_Problem details_
Only one stretch of lines is wanted: the line with "Background from drops" through the final line of the material. Restate it word for word, minus pictures.

_Data extract_
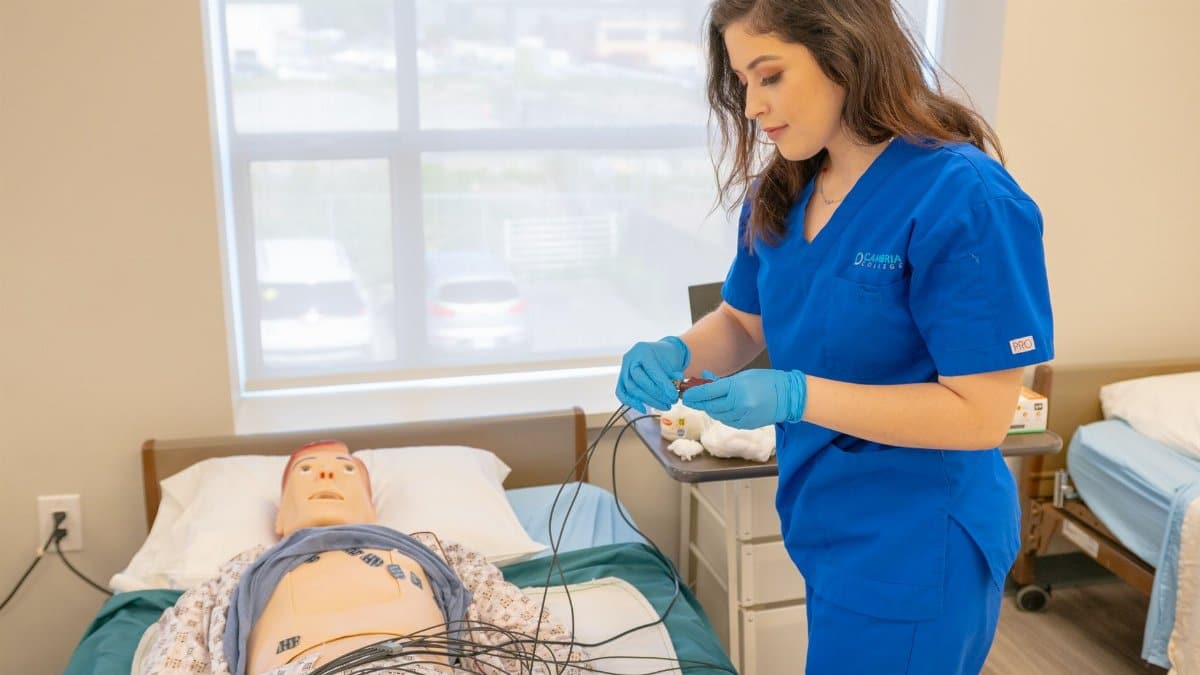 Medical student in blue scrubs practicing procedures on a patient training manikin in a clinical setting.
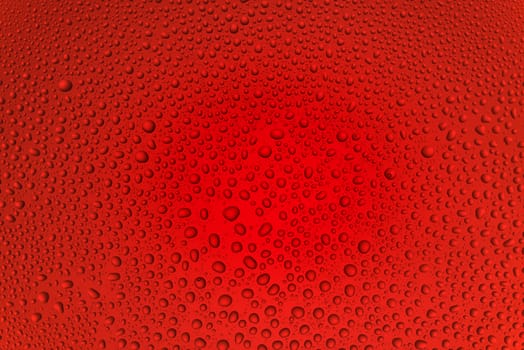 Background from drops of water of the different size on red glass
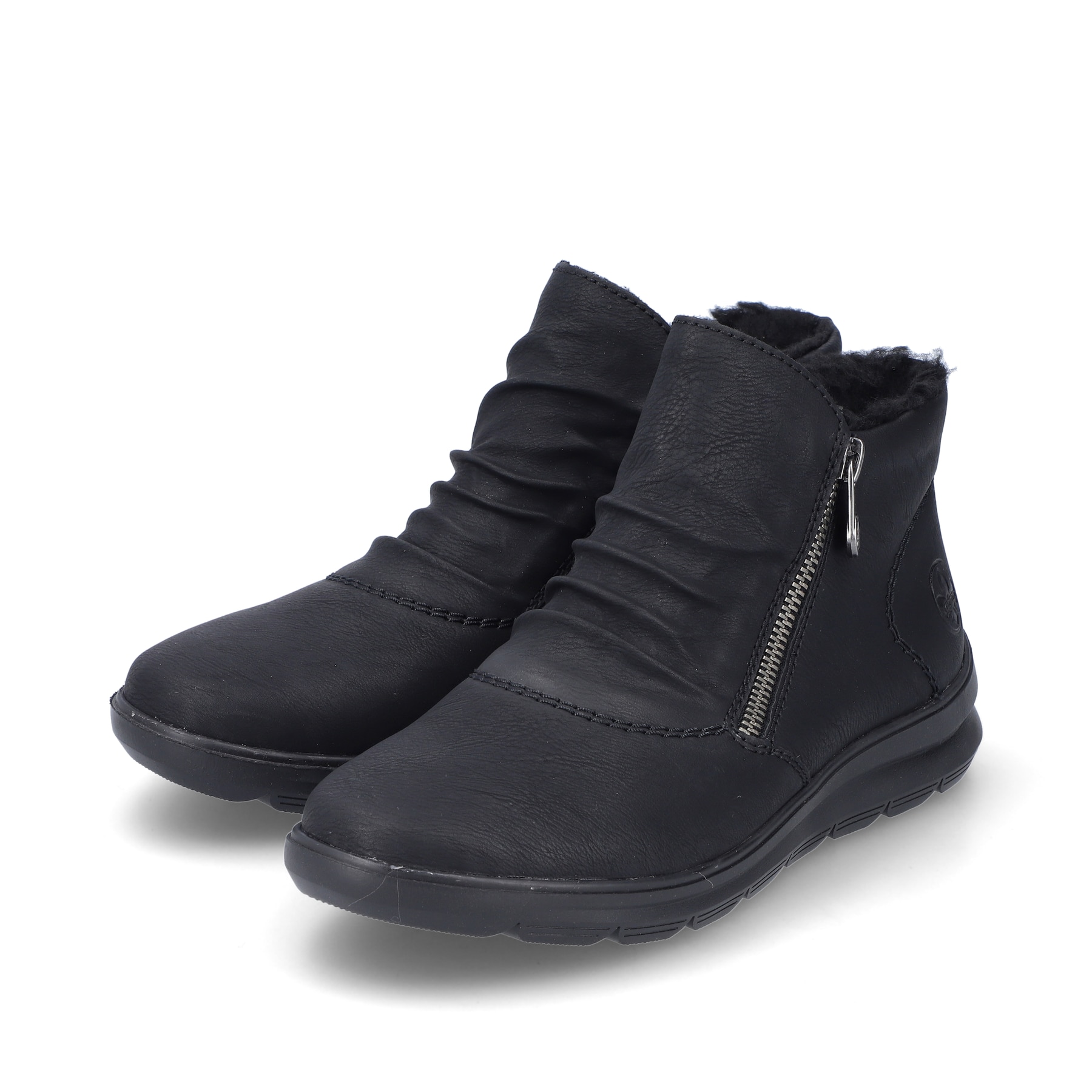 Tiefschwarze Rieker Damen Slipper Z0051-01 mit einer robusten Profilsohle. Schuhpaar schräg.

_Answer for this exercise_
 Background from drops of water of the different size on red glass
 Tiefschwarze Rieker Damen Slipper Z0051-01 mit einer robusten Profilsohle. Schuhpaar schräg.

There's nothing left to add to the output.